▶ **Records for this exercise**:
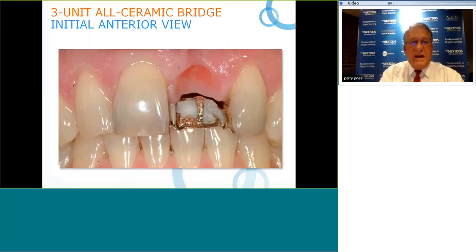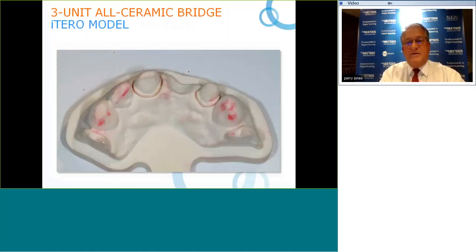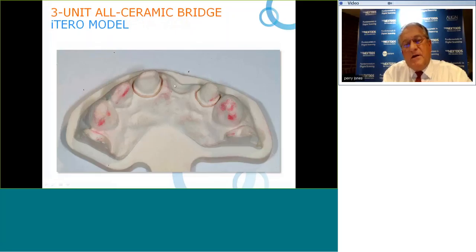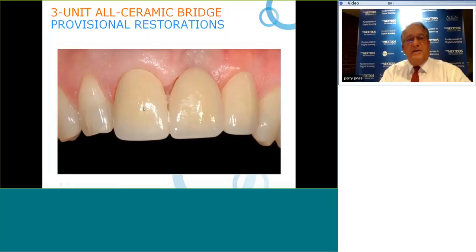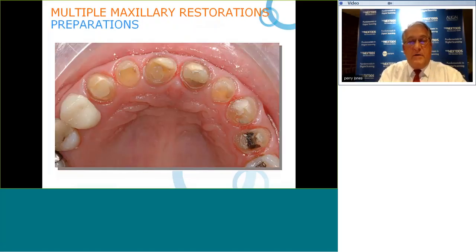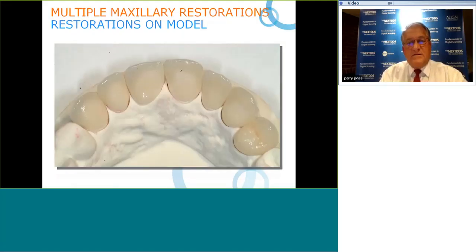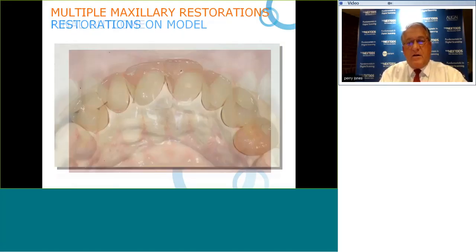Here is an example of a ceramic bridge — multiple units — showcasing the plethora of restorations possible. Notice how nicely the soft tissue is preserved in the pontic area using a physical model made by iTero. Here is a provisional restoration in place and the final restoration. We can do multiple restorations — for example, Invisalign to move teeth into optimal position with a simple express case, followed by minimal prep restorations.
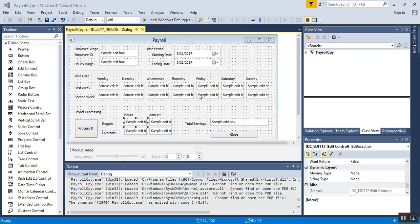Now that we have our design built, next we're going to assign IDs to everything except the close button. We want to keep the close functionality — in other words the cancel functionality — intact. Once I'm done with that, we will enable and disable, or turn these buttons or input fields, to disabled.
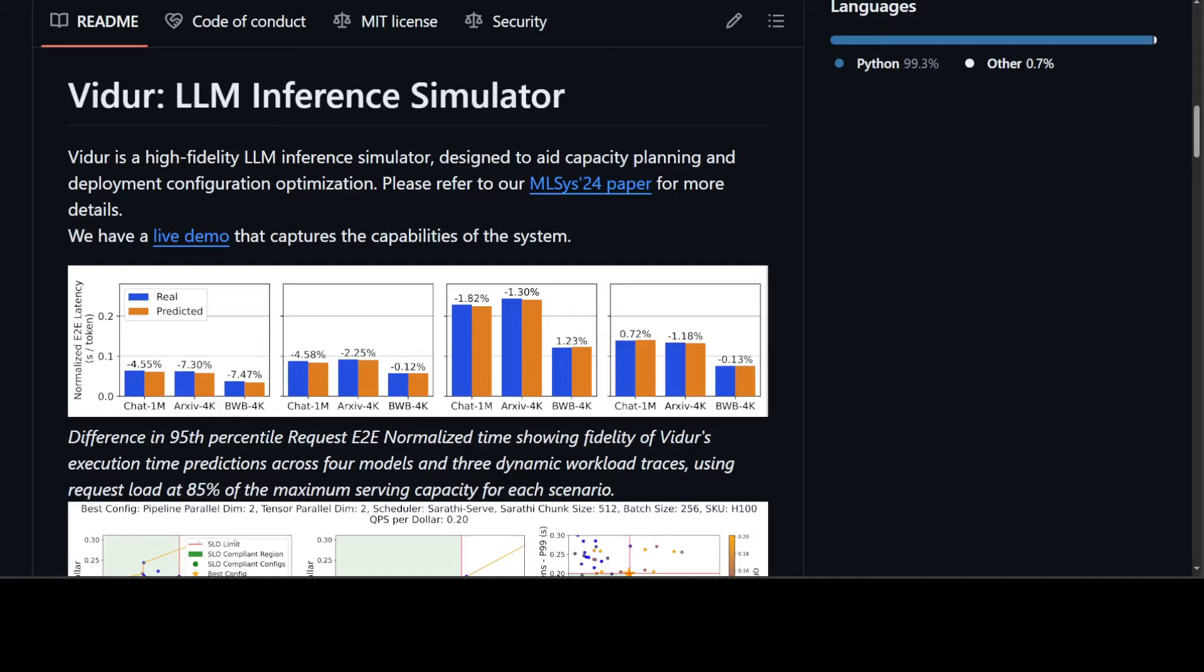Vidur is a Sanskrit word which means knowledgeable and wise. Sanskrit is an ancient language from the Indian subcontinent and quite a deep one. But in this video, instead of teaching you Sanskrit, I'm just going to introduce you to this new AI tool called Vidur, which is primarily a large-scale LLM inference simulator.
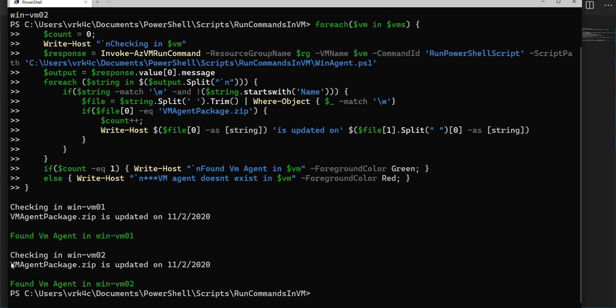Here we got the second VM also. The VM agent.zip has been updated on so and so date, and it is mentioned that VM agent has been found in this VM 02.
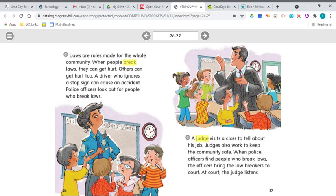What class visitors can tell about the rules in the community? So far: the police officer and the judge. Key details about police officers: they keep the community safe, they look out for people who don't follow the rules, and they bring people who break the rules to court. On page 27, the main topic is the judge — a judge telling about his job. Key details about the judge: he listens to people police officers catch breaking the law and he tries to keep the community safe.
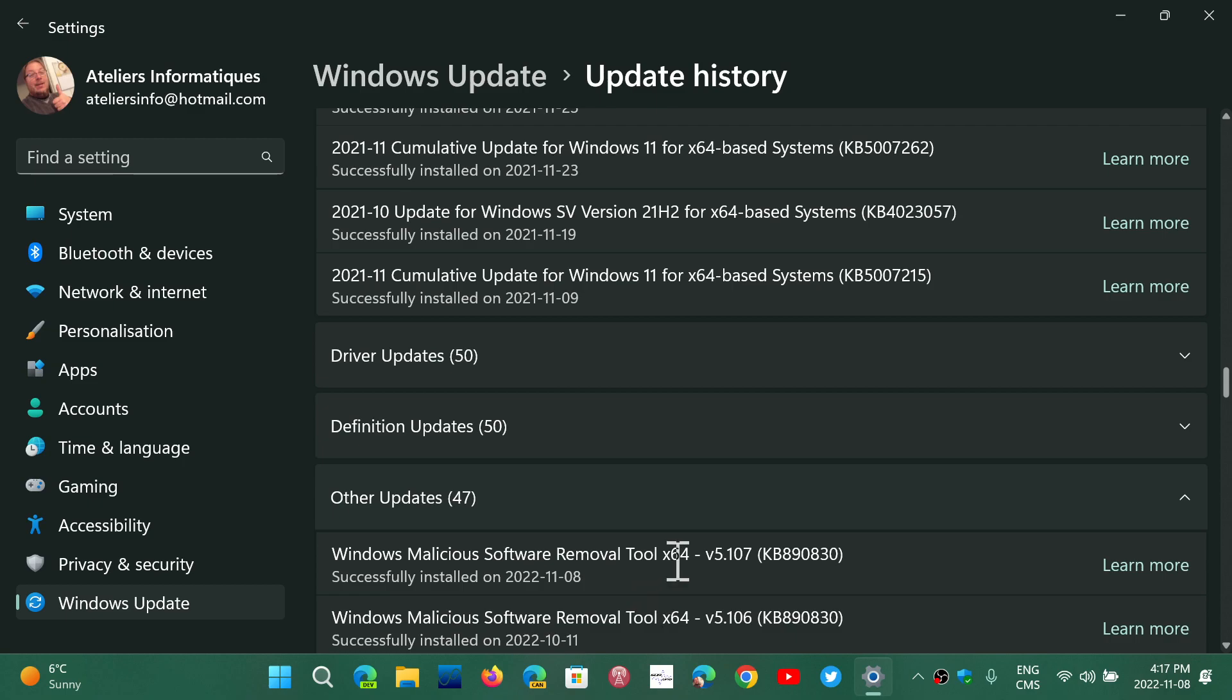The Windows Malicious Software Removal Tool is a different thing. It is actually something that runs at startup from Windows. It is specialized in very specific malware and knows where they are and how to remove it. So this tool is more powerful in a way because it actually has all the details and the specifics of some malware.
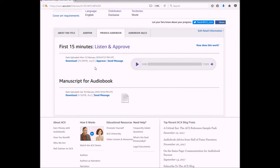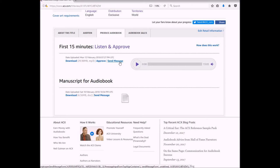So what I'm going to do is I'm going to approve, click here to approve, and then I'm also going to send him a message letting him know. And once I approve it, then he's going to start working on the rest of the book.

▶ **Directions for this task**:
Print all the material above exactly, and drop the images.

▶ **Result**:
Here is an example of a ceramic bridge — multiple units — showcasing the plethora of restorations possible. Notice how nicely the soft tissue is preserved in the pontic area using a physical model made by iTero. Here is a provisional restoration in place and the final restoration. We can do multiple restorations — for example, Invisalign to move teeth into optimal position with a simple express case, followed by minimal prep restorations.
Now that we have our design built, next we're going to assign IDs to everything except the close button. We want to keep the close functionality — in other words the cancel functionality — intact. Once I'm done with that, we will enable and disable, or turn these buttons or input fields, to disabled.
Vidur is a Sanskrit word which means knowledgeable and wise. Sanskrit is an ancient language from the Indian subcontinent and quite a deep one. But in this video, instead of teaching you Sanskrit, I'm just going to introduce you to this new AI tool called Vidur, which is primarily a large-scale LLM inference simulator.
Here we got the second VM also. The VM agent.zip has been updated on so and so date, and it is mentioned that VM agent has been found in this VM 02.
What class visitors can tell about the rules in the community? So far: the police officer and the judge. Key details about police officers: they keep the community safe, they look out for people who don't follow the rules, and they bring people who break the rules to court. On page 27, the main topic is the judge — a judge telling about his job. Key details about the judge: he listens to people police officers catch breaking the law and he tries to keep the community safe.
The Windows Malicious Software Removal Tool is a different thing. It is actually something that runs at startup from Windows. It is specialized in very specific malware and knows where they are and how to remove it. So this tool is more powerful in a way because it actually has all the details and the specifics of some malware.
So what I'm going to do is I'm going to approve, click here to approve, and then I'm also going to send him a message letting him know. And once I approve it, then he's going to start working on the rest of the book.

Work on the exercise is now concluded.